Observing Fig. 6, both SSD and YOLOv3 can be used to detect pedestrians on the same Oxford Town Center Dataset and the model which performs better on the dataset. In order to avoid confusion, Inference time is also compared. Figure 7 shows the results of the proposed YOLO v3 with two Faster RCNN and SSD models using Inference time. The inference should be as low as possible and as we can observe the inference time of improved YOLOv3 is the lea stand SSD is not that far behind but faster RCNN is way too slow. In order to check the comprehensive performance of improved version of YOLO V3 with bird eye vision, it can be observed that the proposed model is far better than the SSD and Faster RCNN and hence, proposed method is established to be efficacious than the existing state-of-the-art models.

Fig. 7
figure 7

Inference time comparison of proposed YOLO v3 with faster RCNN and SSD

Figure 8a and b presents the performance of model in terms of mAP on standard benchmark dataset with normal and dim light conditions. Light conditions have been checked on six sets of different populations, and experimental results show that the proposed model exhibits good performance with balanced mean average precision (mAP) score.
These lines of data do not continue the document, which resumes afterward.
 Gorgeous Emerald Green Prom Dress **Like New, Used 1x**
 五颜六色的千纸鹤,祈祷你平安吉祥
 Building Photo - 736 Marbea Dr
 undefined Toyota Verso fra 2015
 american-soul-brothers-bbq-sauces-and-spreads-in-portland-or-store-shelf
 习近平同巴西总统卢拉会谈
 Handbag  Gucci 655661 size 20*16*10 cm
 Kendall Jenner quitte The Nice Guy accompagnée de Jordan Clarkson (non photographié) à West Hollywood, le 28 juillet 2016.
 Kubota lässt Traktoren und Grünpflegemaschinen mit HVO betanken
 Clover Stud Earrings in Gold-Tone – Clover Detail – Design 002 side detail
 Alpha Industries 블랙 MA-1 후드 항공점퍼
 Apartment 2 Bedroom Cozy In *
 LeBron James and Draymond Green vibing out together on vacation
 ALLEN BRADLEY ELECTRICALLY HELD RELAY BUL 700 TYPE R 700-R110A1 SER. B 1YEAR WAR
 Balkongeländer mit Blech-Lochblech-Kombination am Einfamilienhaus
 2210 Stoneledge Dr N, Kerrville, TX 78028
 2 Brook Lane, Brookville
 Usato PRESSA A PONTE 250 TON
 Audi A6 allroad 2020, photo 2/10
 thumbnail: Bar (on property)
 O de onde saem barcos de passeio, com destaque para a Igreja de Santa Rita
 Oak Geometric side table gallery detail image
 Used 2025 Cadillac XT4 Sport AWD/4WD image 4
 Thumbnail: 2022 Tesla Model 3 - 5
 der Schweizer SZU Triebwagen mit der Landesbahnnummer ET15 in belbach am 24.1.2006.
Frame rate is also varied w.r.t. populations, but no major change has been observed with normal and dim light conditions. The inference time gives minimal change with normal and dim light conditions, and hence proves robustness of the proposed model.

Fig. 8
figure 8

a Model Evaluation in Normal Light Conditions at Home Environment with 6 sets of different populations b Model Evaluation in Dim Light Conditions at Home Environment with 6 sets of different populations

6 Conclusion

COVID-19 is not only limited to cause the burden on sufferers and healthcare services, it also advances the world to a significant economic loss. This paper presents and fast and efficient framework for monitoring the social distancing through object recognition and deep learning models. The proposed framework first performs calibration using bird eye view. In second step, YOLOv3 convolutional neural network-based object detection model is trained. The third step employs bounding boxes to detect the individuals violating the social distancing norms. The comprehensive performance of proposed framework is validated using real-time data of surveillance video with different evaluation metrics like mAP, FPS score, and inference time and is established to be outperformed than the existing object detection model like SSD and Faster RCNN. As the proposed approach is extremely sensitive to the spatial position of the camera, it can also be modified to adjust better with an equivalent field of view.

For future work, an entire system will be created to curb the spread of corona-virus in the containment zones to keep an eye on the massive crowd by integrating a crowd density detection module for monitoring approximate people in the public and checking whether an individual is wearing a mask or not.